Apparently Facebook didn't do anything to stem the spread of this misinformation because they had already received criticism for suppressing pro-right articles from their trending topics feed. Since then Mark Zuckerberg has come out and said [...] that they are actively working on a better solution now, though he still doesn't believe that fake news had any real impact on the election.

 

There clearly have been a large number of attempts to solve the problem of misinformation as demonstrated here...

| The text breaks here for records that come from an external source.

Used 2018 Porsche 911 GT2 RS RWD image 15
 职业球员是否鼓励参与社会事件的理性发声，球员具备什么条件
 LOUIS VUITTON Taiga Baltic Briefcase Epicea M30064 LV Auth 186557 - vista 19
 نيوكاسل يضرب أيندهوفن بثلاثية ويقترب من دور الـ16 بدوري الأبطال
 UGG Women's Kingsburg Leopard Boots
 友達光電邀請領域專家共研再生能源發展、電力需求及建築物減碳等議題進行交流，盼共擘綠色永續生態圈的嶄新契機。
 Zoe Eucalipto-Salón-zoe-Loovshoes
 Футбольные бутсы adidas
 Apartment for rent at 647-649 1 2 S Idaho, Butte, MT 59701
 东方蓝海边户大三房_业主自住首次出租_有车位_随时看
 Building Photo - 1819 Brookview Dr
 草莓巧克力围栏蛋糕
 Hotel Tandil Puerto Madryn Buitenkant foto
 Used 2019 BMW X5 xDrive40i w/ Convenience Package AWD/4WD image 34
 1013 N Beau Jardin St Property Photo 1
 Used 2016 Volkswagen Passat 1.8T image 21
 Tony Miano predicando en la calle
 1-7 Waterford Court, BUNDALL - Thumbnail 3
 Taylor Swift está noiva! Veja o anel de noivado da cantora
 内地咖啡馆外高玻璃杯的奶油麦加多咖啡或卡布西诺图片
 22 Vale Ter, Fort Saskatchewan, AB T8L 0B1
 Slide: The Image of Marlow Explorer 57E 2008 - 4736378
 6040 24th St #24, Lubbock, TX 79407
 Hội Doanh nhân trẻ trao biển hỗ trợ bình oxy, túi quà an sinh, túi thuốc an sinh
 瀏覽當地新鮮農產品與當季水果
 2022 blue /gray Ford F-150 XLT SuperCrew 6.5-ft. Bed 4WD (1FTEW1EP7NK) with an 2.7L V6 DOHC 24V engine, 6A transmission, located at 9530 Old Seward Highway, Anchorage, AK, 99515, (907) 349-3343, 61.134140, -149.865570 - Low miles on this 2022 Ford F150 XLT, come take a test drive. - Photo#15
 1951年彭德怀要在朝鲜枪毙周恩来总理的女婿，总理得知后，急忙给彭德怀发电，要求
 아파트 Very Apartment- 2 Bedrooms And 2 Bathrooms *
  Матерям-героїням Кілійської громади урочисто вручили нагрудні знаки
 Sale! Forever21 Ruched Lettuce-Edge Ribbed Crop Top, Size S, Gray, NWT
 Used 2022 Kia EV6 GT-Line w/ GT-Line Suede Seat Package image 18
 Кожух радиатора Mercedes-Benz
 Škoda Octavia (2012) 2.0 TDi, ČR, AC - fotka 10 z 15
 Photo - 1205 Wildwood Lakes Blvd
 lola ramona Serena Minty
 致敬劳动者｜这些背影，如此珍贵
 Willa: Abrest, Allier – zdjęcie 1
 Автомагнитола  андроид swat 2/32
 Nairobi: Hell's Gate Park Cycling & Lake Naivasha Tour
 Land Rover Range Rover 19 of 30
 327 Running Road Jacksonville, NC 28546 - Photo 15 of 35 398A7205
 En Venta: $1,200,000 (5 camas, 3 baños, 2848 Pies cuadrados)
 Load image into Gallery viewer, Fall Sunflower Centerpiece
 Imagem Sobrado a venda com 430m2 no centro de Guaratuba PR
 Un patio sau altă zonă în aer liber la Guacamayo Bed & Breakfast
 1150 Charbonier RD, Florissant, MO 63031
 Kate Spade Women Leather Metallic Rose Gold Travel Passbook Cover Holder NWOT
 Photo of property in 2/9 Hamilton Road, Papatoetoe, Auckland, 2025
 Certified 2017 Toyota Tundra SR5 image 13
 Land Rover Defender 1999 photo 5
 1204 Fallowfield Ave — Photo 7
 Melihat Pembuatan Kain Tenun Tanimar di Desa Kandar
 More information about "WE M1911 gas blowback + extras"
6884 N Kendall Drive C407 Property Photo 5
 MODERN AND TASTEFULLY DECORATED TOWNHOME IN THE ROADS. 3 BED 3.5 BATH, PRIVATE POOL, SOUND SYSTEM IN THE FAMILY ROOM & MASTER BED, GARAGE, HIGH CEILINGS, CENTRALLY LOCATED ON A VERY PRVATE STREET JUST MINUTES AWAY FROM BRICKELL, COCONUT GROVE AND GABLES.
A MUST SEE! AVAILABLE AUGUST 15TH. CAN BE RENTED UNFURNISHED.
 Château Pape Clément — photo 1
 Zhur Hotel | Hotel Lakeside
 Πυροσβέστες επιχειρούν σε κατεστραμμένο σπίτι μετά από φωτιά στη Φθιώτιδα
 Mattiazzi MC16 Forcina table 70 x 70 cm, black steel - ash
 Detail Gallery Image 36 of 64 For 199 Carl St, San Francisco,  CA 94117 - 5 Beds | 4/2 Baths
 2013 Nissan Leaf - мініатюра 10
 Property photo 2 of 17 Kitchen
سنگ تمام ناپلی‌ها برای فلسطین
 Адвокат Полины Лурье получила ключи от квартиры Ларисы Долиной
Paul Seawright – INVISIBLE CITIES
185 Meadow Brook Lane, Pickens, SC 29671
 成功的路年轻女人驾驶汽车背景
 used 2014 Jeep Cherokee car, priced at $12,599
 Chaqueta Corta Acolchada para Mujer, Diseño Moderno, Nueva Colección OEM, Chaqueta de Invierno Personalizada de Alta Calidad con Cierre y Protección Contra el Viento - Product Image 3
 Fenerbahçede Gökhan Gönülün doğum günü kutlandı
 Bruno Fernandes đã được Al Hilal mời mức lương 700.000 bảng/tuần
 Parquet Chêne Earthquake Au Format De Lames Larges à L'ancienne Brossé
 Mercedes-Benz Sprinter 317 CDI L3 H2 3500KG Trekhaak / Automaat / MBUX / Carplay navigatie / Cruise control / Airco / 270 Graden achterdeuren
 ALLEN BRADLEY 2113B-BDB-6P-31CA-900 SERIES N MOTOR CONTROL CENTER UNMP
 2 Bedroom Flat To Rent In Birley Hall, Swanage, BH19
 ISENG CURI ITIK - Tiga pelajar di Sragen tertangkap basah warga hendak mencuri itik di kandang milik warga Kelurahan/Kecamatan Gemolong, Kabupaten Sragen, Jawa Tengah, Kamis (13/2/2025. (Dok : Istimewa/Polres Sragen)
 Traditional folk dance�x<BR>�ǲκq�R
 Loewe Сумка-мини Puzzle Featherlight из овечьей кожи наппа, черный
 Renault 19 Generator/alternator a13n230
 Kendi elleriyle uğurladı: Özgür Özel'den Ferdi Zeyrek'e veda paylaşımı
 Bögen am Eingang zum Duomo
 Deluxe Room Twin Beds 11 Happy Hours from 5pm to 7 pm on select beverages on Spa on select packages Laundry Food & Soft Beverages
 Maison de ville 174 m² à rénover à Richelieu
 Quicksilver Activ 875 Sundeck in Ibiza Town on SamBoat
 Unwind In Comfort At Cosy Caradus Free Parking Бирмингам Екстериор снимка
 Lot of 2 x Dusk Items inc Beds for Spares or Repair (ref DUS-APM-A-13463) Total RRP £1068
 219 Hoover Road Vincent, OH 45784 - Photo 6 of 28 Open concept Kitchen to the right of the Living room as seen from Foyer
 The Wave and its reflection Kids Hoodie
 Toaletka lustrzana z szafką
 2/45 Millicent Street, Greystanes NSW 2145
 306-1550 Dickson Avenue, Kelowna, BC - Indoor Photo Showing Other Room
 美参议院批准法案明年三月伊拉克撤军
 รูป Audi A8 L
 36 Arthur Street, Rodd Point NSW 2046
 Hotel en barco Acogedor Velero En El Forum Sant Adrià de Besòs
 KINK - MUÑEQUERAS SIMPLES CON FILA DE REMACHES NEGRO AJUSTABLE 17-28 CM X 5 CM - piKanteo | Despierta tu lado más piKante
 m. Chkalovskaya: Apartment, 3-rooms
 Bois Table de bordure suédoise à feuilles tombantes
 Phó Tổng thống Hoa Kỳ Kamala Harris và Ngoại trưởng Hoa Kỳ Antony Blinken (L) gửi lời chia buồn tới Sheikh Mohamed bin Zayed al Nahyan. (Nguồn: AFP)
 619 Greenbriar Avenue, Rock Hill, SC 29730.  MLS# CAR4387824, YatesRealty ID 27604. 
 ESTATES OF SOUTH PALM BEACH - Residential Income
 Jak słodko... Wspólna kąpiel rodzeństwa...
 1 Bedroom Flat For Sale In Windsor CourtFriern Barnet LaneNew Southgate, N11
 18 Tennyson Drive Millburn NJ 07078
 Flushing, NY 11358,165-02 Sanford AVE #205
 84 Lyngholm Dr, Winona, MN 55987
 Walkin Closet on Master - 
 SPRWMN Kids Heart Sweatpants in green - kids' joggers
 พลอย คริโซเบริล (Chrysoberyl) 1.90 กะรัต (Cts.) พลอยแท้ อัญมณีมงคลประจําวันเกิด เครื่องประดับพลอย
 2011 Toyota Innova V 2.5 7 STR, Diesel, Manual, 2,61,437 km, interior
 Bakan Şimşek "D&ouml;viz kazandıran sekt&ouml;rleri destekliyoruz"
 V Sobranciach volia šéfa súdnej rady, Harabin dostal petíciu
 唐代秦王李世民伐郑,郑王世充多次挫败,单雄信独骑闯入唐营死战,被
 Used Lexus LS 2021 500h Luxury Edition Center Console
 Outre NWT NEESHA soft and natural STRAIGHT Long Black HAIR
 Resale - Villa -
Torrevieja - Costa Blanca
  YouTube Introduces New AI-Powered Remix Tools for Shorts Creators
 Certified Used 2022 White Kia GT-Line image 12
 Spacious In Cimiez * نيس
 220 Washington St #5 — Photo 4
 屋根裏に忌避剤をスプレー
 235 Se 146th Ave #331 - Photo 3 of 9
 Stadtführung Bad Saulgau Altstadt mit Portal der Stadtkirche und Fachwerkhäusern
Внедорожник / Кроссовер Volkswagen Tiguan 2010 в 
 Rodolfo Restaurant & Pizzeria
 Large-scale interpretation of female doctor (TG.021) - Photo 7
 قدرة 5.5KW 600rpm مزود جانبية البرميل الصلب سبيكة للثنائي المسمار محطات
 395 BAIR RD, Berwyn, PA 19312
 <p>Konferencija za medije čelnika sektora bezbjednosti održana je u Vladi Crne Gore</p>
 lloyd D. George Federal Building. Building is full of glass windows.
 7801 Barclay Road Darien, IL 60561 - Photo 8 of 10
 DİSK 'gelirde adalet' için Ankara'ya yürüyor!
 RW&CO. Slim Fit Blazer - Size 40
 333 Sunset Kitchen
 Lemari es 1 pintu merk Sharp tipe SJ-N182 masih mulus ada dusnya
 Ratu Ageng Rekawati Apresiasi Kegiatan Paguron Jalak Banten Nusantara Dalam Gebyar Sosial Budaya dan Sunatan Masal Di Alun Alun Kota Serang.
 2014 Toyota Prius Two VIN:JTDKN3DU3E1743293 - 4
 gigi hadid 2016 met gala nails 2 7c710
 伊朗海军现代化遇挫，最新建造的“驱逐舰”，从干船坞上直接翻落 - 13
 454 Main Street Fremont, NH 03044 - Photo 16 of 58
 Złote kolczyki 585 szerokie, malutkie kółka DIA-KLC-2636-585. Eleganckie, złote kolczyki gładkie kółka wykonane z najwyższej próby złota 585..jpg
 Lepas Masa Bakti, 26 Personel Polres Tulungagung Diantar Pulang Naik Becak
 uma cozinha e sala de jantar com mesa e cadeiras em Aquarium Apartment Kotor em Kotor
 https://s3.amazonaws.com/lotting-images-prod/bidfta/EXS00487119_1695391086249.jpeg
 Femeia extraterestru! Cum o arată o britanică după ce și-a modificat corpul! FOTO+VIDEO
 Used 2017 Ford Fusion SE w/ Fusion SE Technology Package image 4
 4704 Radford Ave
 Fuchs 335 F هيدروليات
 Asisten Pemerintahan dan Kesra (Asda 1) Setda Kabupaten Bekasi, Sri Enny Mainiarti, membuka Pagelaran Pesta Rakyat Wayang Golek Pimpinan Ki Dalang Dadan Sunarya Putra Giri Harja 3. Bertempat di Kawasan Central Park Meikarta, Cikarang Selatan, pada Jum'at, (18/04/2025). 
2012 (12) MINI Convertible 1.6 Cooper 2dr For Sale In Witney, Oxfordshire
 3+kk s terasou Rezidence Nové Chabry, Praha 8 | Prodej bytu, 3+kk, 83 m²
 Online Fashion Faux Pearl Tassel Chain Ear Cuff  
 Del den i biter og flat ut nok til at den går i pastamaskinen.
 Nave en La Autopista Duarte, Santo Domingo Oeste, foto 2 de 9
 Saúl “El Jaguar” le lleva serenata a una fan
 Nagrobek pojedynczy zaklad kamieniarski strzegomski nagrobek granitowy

Rise of the Fake News Plugins

In response to all of this media attention, and the genuine outrage over this serious problem, many people have started to work on external solutions to the problem. Business Insider reported that “It only took 36 hours for these students to solve Facebook’s fake news problem“. Those students invented FiB – Let’s stop living a lie, a browser plugin which uses AI to verify claims, and then correct them where possible if they are false. Lifehacker reported on the B.S. Detector plugin, saying “B.S. Detector Lets You Know When You’re Reading a Fake News Source“. This plugin, developed in under 1 hour, simply checks Facebook posts against a list of known Fake news websites and flags posts which are from them. Using the same technique, Brian Feldmen developed Fake News Alert. Esquire reported on that “This Chrome Extension Will Alert You If a News Site Is Fake“.

While it is admirable that many see the problem exists and are hoping to do their part to solve the problem, Shane warns that many of these attempts could actually make the problem worse.

 

Extracted from the Video Introduction Text: "Fixing Fake News Without Truth or Trust" by Shane Greenup as interviewed by Seb.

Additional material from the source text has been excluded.